We have been politely favored with a copy of the report of the committee appointed at the late meeting of the Gen. Grand Chapter, to notify the Hon. ROBERT P. DUNLAP of his election as G. G. H. Priest, and, in the event of his acceptance, to make arrangements for his installation. Regarding it as at least a semi-official notice that Comp. Dunlap has been duly qualified, and that he has entered upon the discharge of his official duties, we take great pleasure in laying it before our readers:

To the M. E. Gen. Grand Chapter:

BOSTON, DEC. 28, 1847.

In pursuance of their instructions, the undersigned, charged with the duty of notifying the Hon. ROBERT P. DUNLAP of his election to the office of Grand High Priest of the Gen. Grand Chapter, having attended to that duty, respectfully

REPORT:

That the distinguished Companion having signified his acceptance of the office to which he had been elected, and of his readiness to enter upon its duties, arrangements were made, through the courtesy of the M. E. Grand Chapter of Massachusetts, to have the ceremonies of installation take place in the city of Boston, on the 30th Nov. last.

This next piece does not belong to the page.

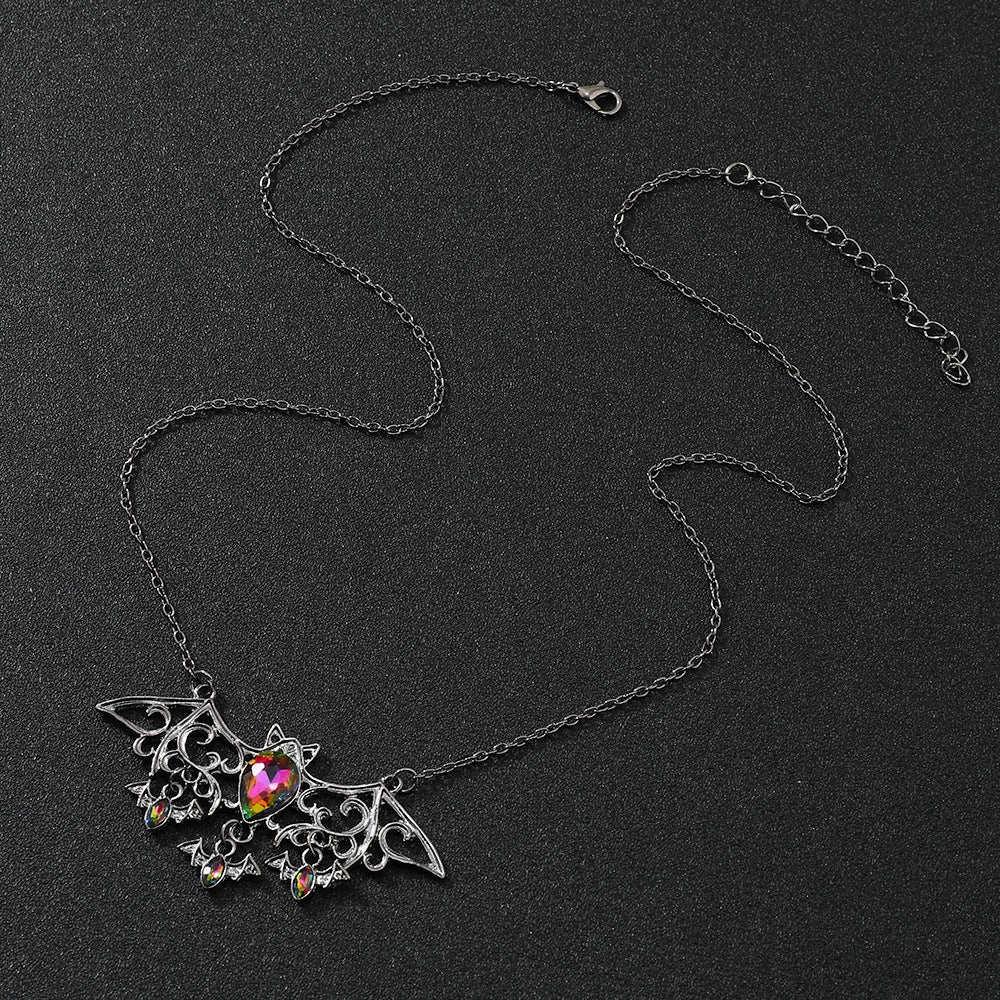 Wholesale Halloween Gothic Colorful Crystal Demon Bat Alloy Pendant Necklace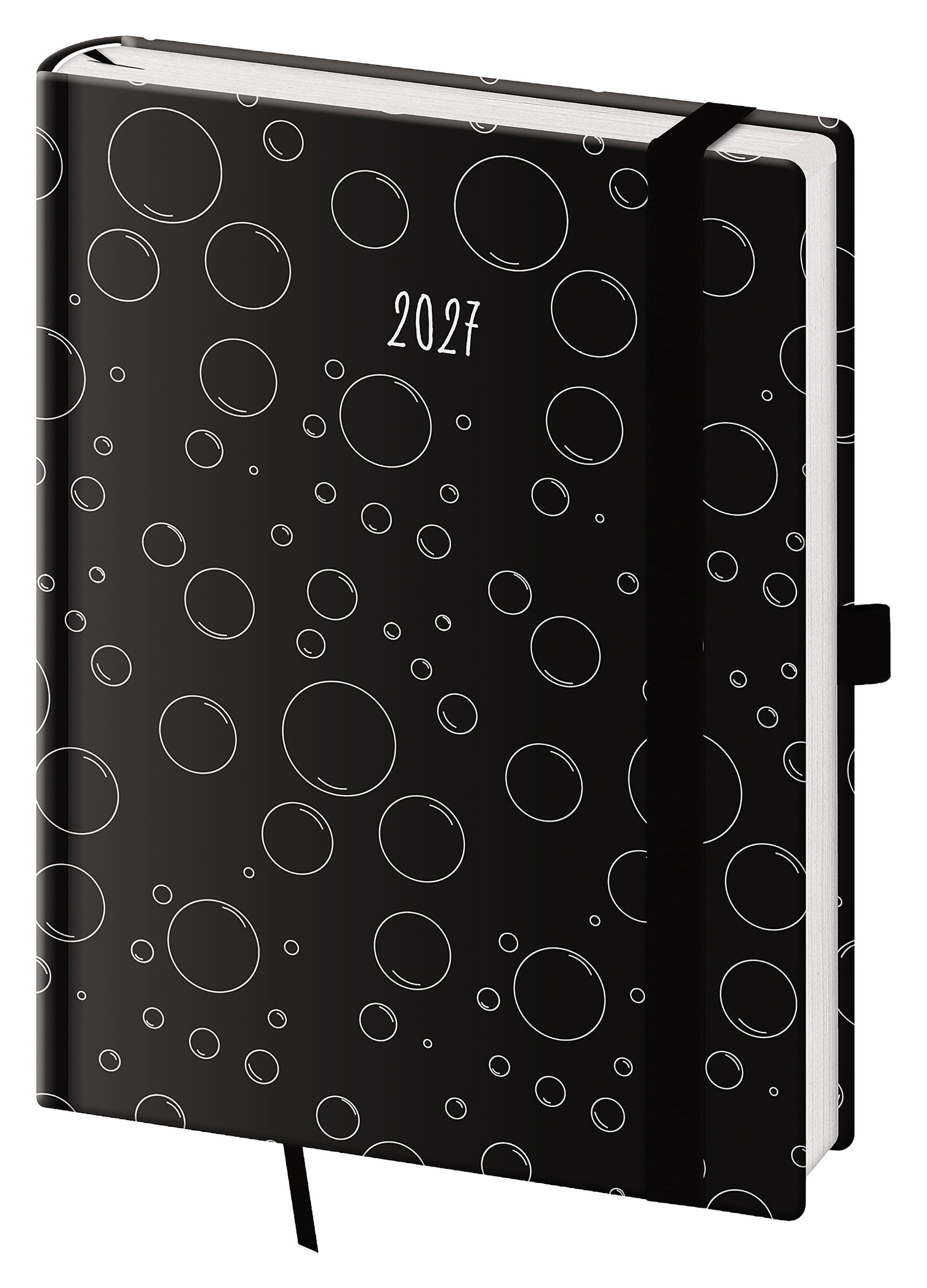 Denní diář Vario s gumičkou 2027, B6 - Bubbles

Your committee, regarding the event as one in which the whole Fraternity of the country were interested, considered themselves at liberty to give to the occasion such a general character as the time and place, and convenience, would permit. They accordingly, with the co-operation of the Grand Chapter of Massachusetts, invited the attendance of the Grand Chapters of Maine, New Hampshire, Rhode Island, Connecticut, and New York; of the Grand Lodge of Massachusetts; the Grand Consistory and Grand Council of Princes of Jerusalem in the same State; the Boston Encampment of Knights Templars; the subordinate Chapters in that city; and distinguished Companions and Brethren in the vicinity. And they are gratified in being able to report, that most of the bodies above named, were in attendance, in full regalia, and presented a beautiful and encouraging appearance. The occasion was one that will be long remembered by all who had the happiness to witness it.

The ceremony of installation was performed in ample form and in conformity to established Masonic usage, by M. E. Comp. Dean, in accordance with his instructions from the Gen. Grand Chapter.

After the Gen. Grand High Priest had been solemnly proclaimed as duly installed, he addressed the Companions and Brethren present, in an able, eloquent, and impressive manner, evincive of the deep interest he feels in the prosperity of the Masonic Institution generally, and particularly of the important branch of it over which he has been called to preside.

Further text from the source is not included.